The presence of intestinal or commensal group A strains in the UTIs indicates the same, that the faecal contamination may be the source of infection. Among male the age group acquired higher infection. Sabate et al., reported that the commensal intestinal flora (group A and B1) of the patients with UTI were more virulent than the same phylogenetic groups isolates from the normal individuals [35]. The higher prevalence (33%) of group A isolates in our study indicates the essence of attention needed on the commensal flora. The selective pressure due to antibiotic usage in their ecological niche results the spread of ESBL isolates in extraintestinal environments [36]. It was also found that the prevalence of highly virulent phylogenetic group B2 (41%) among the ESBL isolates in Tamil Nadu. The previous findings also suggested that the highly pathogenic nature of the group B2 might be one of the reasons to cause UTI.
So the intestinal tract acts as the reservoir for the uropathogens of group A and B2. All the isolates in this study were susceptible to carbapenems. However, the geographical variation and infrequent usage of carbapenems may be the cause of infrequent isolation of NDM strains. This also correlated to the findings of Hussain et al., [5].
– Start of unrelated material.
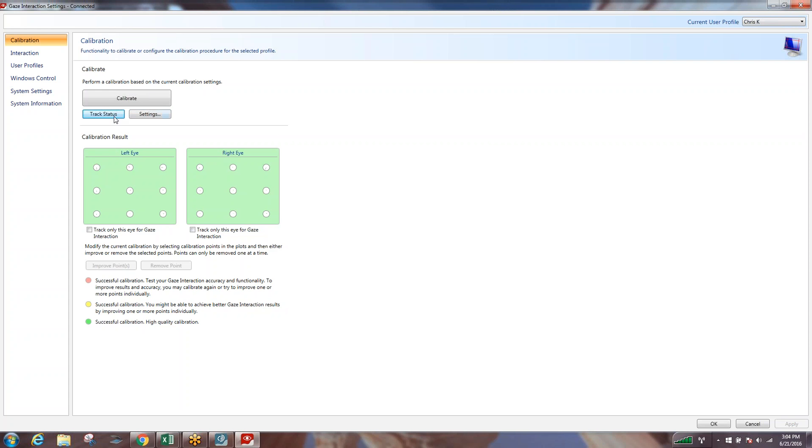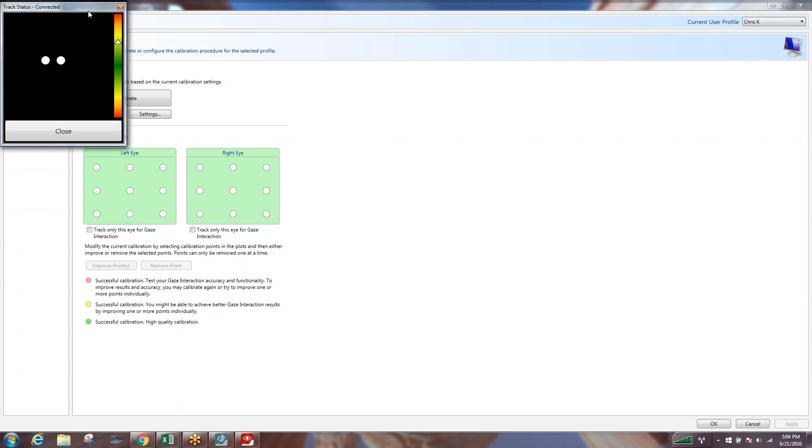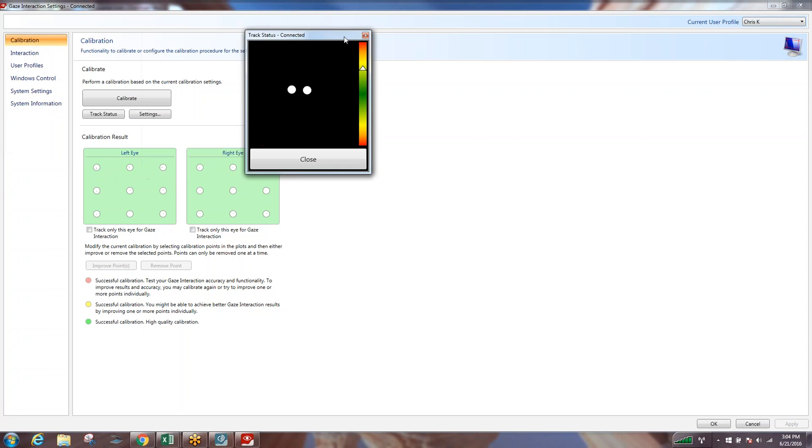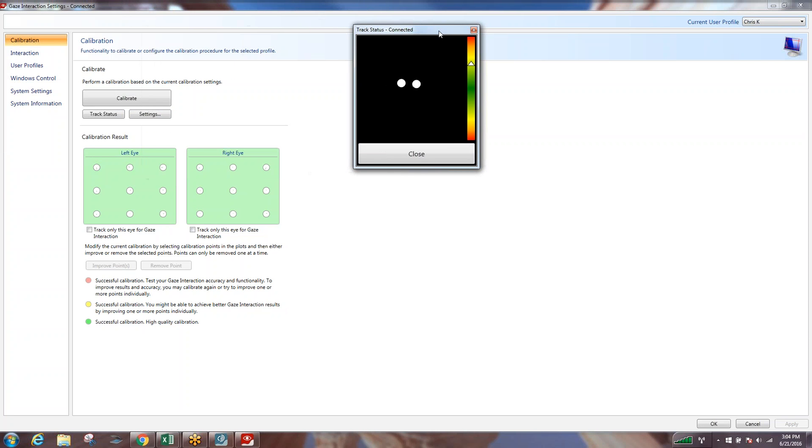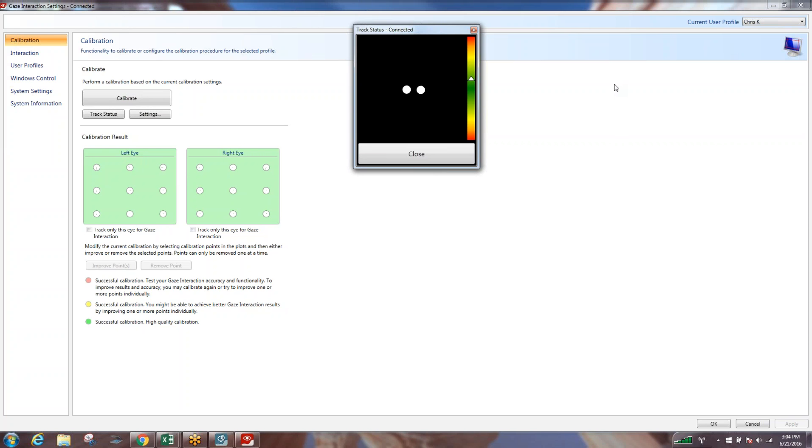What we want to do is pull up that track status box and as you can see my unit is now picking up my eyes, both pretty well solid white circles. What we want to do is try and get that representation of my eyes to be in the center of the black box, as close to the center as we can both vertically and horizontally, and we want those circles to be as solid white as possible. That means the cameras and the illuminators are picking everything up properly.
Worldwide spreading of E. coli belonging to different clonal groups was one of the major problems in the epidemiology of UTIs. The global spread of CTX-M15 producing multidrug resistant ST131 strains among the urinary tract infections in community setting has been reported. In India also the wide spread CTX-M15 producing E. coli strains has been reported since 2006 and it was the only dominant enzyme distributed among various strains [37]. In early 2011, E. coli ST131 was reported and since then several studies have been carried out [38]. However, the antibiotic resistance pattern of community acquired UTI Escherichia coli from local area had not been analysed with a set of antibiogram profiling. In our present study, we have analysed and found that 18 out of 58 strains (31.03%) as ST131, out of which 10 strains were ESBL (17.24%).
Limitation
The outcome results of this study had still some limitations. We have considered urinary tract infection of E. coli and not other microbes with irrespective of age and sex. The sample size may be increased in future considering inpatients in hospital to get more useful information.
Conclusion
From this study, we noted phenotypically most of the strains were positive for ESBL and showed high sensitivity for Nitrofurantoin and cefoxitin. Further studies related to MLST and whole genome sequencing of selected isolates from different MLST clades will be useful to understand the genetic diversity of UTI from India.